Brief descriptive captions:
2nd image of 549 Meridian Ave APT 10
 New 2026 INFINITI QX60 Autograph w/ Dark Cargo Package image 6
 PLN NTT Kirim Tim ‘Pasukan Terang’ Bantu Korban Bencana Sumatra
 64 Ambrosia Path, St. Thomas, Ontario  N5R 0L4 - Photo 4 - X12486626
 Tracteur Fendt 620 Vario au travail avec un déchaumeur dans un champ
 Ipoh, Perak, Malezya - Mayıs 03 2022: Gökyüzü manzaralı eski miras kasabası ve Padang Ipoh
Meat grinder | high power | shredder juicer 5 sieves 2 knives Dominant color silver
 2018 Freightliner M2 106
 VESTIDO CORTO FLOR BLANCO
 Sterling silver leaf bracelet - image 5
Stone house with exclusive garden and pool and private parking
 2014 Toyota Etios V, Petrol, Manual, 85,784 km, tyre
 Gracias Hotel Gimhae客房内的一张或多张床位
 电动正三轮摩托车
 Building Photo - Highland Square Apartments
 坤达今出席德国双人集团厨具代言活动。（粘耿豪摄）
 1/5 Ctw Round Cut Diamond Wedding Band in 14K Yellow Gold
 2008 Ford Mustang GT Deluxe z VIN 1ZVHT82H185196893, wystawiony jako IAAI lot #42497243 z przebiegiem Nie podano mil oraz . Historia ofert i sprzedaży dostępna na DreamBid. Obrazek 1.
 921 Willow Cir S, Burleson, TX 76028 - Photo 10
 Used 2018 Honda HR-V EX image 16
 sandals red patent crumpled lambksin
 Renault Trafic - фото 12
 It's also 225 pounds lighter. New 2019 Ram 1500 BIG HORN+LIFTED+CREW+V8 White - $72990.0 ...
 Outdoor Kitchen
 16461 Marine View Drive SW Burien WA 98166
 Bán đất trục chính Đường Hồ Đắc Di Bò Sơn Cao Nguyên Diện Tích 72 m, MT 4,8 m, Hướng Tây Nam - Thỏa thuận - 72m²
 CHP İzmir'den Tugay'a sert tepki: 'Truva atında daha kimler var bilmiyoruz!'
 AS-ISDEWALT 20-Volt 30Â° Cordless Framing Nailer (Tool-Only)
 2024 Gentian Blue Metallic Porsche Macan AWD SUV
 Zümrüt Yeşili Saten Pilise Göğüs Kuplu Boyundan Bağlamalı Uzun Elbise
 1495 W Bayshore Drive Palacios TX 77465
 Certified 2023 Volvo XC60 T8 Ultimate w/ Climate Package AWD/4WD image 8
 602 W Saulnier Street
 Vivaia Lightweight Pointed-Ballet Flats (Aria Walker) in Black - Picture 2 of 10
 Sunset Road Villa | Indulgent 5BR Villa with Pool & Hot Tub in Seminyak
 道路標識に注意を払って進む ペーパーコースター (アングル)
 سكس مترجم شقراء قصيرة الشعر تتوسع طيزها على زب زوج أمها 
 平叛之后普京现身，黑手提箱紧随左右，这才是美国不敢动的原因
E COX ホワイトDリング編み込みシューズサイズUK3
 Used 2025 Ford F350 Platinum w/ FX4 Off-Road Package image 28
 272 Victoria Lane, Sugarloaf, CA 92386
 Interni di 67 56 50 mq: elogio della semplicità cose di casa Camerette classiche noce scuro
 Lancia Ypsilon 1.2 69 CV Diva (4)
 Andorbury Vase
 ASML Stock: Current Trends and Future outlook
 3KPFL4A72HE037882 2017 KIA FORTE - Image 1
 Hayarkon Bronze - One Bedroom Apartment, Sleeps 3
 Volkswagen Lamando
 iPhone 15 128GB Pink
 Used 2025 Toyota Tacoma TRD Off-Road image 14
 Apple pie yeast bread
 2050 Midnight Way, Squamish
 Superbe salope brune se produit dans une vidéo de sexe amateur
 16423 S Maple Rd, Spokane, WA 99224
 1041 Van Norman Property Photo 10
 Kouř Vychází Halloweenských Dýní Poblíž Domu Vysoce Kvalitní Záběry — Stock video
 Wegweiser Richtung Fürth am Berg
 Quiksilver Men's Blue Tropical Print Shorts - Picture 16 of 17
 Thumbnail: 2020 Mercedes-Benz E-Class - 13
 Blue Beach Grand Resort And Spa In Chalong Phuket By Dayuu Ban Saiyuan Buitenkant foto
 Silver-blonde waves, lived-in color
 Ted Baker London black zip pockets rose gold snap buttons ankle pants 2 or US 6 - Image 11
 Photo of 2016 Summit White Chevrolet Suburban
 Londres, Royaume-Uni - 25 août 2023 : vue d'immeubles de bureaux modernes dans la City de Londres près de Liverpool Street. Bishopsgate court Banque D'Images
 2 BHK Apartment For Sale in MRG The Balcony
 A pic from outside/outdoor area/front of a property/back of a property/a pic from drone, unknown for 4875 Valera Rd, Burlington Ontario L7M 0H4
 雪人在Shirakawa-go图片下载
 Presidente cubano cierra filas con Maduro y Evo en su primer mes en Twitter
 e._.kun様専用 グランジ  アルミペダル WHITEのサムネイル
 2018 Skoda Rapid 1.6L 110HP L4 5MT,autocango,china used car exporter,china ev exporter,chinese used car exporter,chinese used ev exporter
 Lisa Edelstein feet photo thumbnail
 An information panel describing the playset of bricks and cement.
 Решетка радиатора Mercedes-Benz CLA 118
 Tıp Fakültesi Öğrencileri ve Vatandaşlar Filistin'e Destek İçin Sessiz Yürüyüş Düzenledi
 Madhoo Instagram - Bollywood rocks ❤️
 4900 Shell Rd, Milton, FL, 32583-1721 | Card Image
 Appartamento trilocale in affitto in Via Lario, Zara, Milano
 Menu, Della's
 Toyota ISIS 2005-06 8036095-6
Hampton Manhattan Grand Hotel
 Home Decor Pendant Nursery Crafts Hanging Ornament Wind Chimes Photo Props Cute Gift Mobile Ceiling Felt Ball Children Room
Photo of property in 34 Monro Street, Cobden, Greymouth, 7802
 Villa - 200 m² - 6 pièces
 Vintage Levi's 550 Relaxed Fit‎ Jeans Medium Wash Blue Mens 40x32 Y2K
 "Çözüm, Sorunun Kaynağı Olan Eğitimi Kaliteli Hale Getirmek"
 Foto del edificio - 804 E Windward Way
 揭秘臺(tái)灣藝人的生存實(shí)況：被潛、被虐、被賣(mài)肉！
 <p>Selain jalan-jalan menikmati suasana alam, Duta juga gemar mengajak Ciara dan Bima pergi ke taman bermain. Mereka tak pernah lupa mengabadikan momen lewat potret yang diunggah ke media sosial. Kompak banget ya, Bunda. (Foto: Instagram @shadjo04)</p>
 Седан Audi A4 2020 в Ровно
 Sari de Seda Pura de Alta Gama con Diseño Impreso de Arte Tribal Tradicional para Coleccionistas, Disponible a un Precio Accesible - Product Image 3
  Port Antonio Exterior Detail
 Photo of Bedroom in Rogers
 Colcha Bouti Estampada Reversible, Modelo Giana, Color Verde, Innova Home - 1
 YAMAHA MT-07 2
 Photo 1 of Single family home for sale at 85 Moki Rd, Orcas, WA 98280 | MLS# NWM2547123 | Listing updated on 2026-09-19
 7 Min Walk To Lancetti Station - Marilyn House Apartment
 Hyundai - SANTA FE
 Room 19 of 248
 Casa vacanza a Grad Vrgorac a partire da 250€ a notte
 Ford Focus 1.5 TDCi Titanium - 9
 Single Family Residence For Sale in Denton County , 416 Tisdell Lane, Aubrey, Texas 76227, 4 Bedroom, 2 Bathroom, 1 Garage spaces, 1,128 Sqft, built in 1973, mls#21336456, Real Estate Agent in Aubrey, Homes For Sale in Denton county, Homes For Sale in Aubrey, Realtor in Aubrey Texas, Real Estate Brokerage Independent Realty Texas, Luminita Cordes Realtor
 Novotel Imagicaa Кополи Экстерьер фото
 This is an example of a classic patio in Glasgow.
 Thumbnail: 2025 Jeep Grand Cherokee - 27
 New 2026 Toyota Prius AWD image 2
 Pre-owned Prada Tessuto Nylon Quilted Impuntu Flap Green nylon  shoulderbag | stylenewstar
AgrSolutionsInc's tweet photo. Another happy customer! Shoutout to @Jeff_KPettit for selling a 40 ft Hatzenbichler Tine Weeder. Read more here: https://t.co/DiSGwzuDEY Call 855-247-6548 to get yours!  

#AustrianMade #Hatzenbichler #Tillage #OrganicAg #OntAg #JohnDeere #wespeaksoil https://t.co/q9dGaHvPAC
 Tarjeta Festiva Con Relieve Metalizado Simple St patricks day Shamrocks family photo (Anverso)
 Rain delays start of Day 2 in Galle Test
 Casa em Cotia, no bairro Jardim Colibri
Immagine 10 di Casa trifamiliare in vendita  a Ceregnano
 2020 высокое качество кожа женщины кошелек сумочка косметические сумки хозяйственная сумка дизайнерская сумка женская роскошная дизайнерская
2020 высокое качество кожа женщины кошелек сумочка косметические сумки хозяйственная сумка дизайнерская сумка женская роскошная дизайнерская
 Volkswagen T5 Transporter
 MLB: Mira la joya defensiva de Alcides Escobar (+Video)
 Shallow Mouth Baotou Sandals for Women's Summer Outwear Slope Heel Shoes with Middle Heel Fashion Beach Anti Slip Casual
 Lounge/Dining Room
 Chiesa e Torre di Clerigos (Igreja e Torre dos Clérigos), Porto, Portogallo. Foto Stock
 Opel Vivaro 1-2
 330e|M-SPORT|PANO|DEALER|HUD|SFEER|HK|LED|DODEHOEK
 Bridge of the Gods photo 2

◆ PROBLEM ◆
Please return all lines from the records that hold the word "Road".

◆ REPLY ◆
 Sunset Road Villa | Indulgent 5BR Villa with Pool & Hot Tub in Seminyak
 Used 2025 Ford F350 Platinum w/ FX4 Off-Road Package image 28
 Used 2025 Toyota Tacoma TRD Off-Road image 14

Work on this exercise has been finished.